Wednesday Jul 12, 2023
Preparing for Worship - July 16, 2023
Wednesday Jul 12, 2023
Wednesday Jul 12, 2023
The Scriptures this week tell us that the Lord will provide for the growth of His Kingdom and for our own spiritual growth, as well.
The psalm is Psalm 65:(1-8) 9-13. The psalmist, David, knows that “praise is due to God” for the “goodness” we receive in His “house,” His “temple.” This is good news, the Word of “righteousness” and “salvation” and “hope” for “all the ends of the earth.” It is pictured as a bountiful harvest, when the Lord has provided abundant “water” and good “earth” and “enriched” it and “blessed its growth.” The Lord “crowns the year with His bounty, and the creation “shouts and sings together for joy.”

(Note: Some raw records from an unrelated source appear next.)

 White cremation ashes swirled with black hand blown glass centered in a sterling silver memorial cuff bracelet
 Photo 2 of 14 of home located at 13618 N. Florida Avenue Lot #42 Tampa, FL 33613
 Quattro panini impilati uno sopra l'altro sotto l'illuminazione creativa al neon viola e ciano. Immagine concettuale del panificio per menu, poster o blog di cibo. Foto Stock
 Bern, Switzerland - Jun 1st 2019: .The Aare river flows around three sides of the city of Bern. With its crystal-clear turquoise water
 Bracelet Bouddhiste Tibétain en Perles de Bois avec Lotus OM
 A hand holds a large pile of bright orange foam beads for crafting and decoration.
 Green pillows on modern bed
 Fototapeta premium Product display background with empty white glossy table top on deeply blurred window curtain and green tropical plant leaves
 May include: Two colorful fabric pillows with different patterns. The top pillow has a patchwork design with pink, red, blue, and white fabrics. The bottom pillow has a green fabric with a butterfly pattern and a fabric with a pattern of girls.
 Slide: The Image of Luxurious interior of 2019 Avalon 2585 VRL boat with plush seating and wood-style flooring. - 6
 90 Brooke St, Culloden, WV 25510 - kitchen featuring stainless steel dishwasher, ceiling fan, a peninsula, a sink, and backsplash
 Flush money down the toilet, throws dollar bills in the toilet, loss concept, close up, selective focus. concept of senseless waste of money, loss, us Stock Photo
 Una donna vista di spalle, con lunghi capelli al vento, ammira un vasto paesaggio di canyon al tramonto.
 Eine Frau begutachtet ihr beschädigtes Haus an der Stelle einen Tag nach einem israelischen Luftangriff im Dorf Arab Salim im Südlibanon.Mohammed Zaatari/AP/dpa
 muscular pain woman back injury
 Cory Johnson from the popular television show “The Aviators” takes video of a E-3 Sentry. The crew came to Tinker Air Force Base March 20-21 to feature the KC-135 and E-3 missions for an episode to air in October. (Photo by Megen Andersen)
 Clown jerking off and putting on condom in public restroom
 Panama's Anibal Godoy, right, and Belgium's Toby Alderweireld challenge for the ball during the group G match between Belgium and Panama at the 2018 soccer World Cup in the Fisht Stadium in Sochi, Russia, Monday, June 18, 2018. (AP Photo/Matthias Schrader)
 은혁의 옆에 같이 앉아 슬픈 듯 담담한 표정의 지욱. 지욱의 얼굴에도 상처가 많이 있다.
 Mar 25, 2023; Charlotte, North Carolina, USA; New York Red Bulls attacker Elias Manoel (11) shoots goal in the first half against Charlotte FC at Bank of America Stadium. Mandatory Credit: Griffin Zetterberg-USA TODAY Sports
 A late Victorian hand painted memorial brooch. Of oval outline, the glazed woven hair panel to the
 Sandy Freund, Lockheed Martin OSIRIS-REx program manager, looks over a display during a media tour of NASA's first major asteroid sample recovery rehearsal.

The Old Testament lesson is from Isaiah 55:9-13. God inspired Isaiah to use images from the natural world, as David did in the psalm. The “heavens” are high above the “earth.” God’s “ways and thoughts”. are high above our own, too. As the rain and snow come down to water the earth and help cause things to grow, so God’s Word is sent down from His mouth and accomplishes what He wishes. “It will not return empty and void.” The creation sings and claps its hands in praise of the “name of the Lord” and the “everlasting sign” of His providing care.
In the Gospel lesson, Matthew 13:1-9, 18-23, Jesus Himself tells a parable of seed being sown and then explains it to His disciples. The seed sown is the Word of God’s kingdom. Some hear it but don’t understand, and “the evil one” snatches it away. Others hear and “receive the Word with joy,” but only for a time, and then “fall away” when trouble and persecution come on account of that Word. Still others hear the Word, but “the cares of the world” and the “deceitfulness of riches” act like thorns that choke out the Word. Some people do hear and understand the Word and bear much fruit of various amounts, though, by the grace of God, as He promises. The problem is not with the seed, the Word of God, but with the soil, Satan’s work and a sin-filled world with many temptations to resist the Word and people’s trouble with hearing and understanding the Word. Jesus says, “He who has ears to hear, let him hear.” How is our hearing of the Word and the hope we have only in Jesus?
The Epistle lesson is from Romans 8:12-17. Paul emphasizes, in this reading and throughout Romans 8, the importance of the Holy Spirit in bringing us to faith in Christ and keeping us in that faith. The Spirit works through the Word of God (and the gift of baptism) to do this. He gives us “life” in Christ and make us “adopted children of God” and “heirs of eternal life.” We can cry out to our Heavenly Father, “Abba, Father,” as His beloved children. We still face times of “suffering” for our faith and temptations from the devil, the sinful world, and our own “sinful flesh; but the Spirit who dwells in us,” (Romans 8:11), along with Christ, will strengthen and protect us through the Word and the Sacraments, Baptism and Communion, connected with that Word.